Hira: My reaction to the trend is that this phenomenon has gained considerable steam in the past six months. For me, the telling change is that it is no longer a niche business. Earlier, it was Indian IT companies such as Infosys, TCS, Wipro, etc. and some smaller U.S. based IT companies such as Cognizant and IGate that were the major players. Now, it is the who’s who of U.S. technology firms announcing that they plan to expand offshore operations and even financial services and insurance companies. Of course GE has been in India for a long time, but that was the exception, not the rule. It is also telling for the future that GE set up shop in India to sell to the local market, but figured out that off-shoring was a better prospect. Another telling sign is the new type of position that has been created within many companies: people who act as liaisons for off-shoring activities. The phenomenon is being institutionalized.

 

The concerns that people should have will vary depending on who they are. Managers in U.S. firms will have to figure out how to effectively establish operations offshore and/or contract relationships with third parties. How will they protect sensitive data and proprietary company information? How do they on the one hand appease equity analysts by claiming that they are cutting costs by moving offshore and at the same time keep the news quiet to their own U.S. workers who might get quite angry? 

 

Have U.S. firms opened a Pandora’s box by creating their own future competition? IT user firms and IT service providers will face different challenges, but since I’m a policy person I’ll let someone else address these issues in more detail.

 

For U.S. policymakers, the issue is how to measure the scale and scope of the offshore movement and, most importantly, how it might impact the U.S. labor market and innovative capacity. Will kids shy away from pursuing engineering careers because of poor career prospects? We are already seeing this at my institution – enrollments in IT degrees is far below last year’s. How will a smaller pool of U.S. technical professionals impact the U.S.’s ability to innovate for economic growth and military security?

 

Another crucial issue involves how the U.S. will compensate domestic workers who are displaced by the offshore outsourcing trend. Most agree that the losers in trade should be compensated, but the reality is that this is much more difficult than most economists and politicians understand. First, it is difficult to actually identify who has been affected by off-shoring, especially when companies are misrepresenting what they are doing. Many workers are sworn to secrecy as a condition of receiving their severance package. Even if one could identify the displaced workers, how does one determine the appropriate compensation? Will a 45-year-old engineer with a master’s degree realistically re-train to become a nurse? Perhaps we will begin to see that happen more.

 

As for U.S. workers, we are inching towards all workers being temporary contractors/consultants. Industry’s mantra has been agility when it comes to hiring and firing workers. It was only about 10 years ago that IBM laid off its first employees – what was once a big deal has become routine. U.S. workers benefited from the lack of loyalty between employer and employee during the boom times of the late 1990’s. They switched positions, received signing bonuses and companies printed money for them through stock options. That boom time masked the real and radical changes going on in employment in the U.S. We are now at a stage where workers need to view themselves as free agents, working for themselves and not the company. This will lead to potentially greater rewards and surely greater risk for workers.

 

This change is ironic since we have heard so much about the “knowledge economy” and how important “human capital” is to economic growth. We now have a human capital paradox where worker knowledge is terribly important, but companies have a great disincentive to investing resources in those workers: Why should a company train a worker who will leave in short order?

 

Aron: Who are the prime beneficiaries of this trend? Whose interests are adversely affected? Why?

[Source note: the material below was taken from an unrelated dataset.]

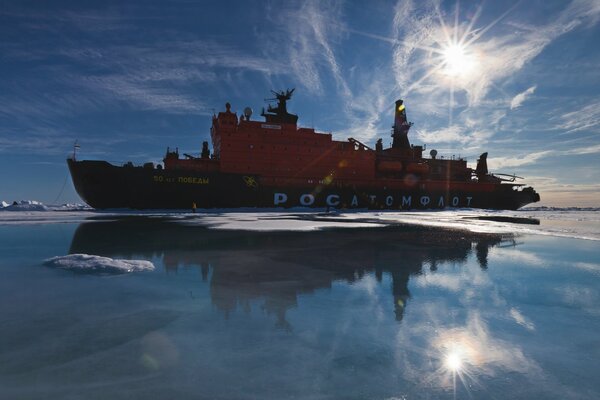 Nuclear icebreaker on the background of the blinding sun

Courtney: The immediate beneficiaries of this trend are corporate executives and other corporate decision makers because it further consolidates their control in regards to labor markets and allows them to leverage economic power across transnational borders in a new and more significant way.

 

The interests that are impacted most adversely by this trend are the employees and the communities which are losing jobs that move overseas. For example, in Seattle with Microsoft and Boeing both beginning to ship engineering jobs abroad — Boeing commercial airline design to Moscow, and Microsoft software development to India — that means fewer engineering jobs are going to be created in this area. That will also mean fewer other jobs such as testing, documentation, etc. will also be created in this area. For students who want to enter the engineering field, it will mean reduced economic opportunity.

I have yet to find any compelling argument from pro-globalization cheerleaders that can point to how in the long run this will create more jobs and greater opportunity. If exporting jobs creates more jobs or saves jobs, why does our manufacturing sector continue to decline in employment? Seattle has one of the highest education rates of any metropolitan city in the country. Our high-tech industry is not growing right now. Exporting more jobs is only going to threaten a potential turnaround.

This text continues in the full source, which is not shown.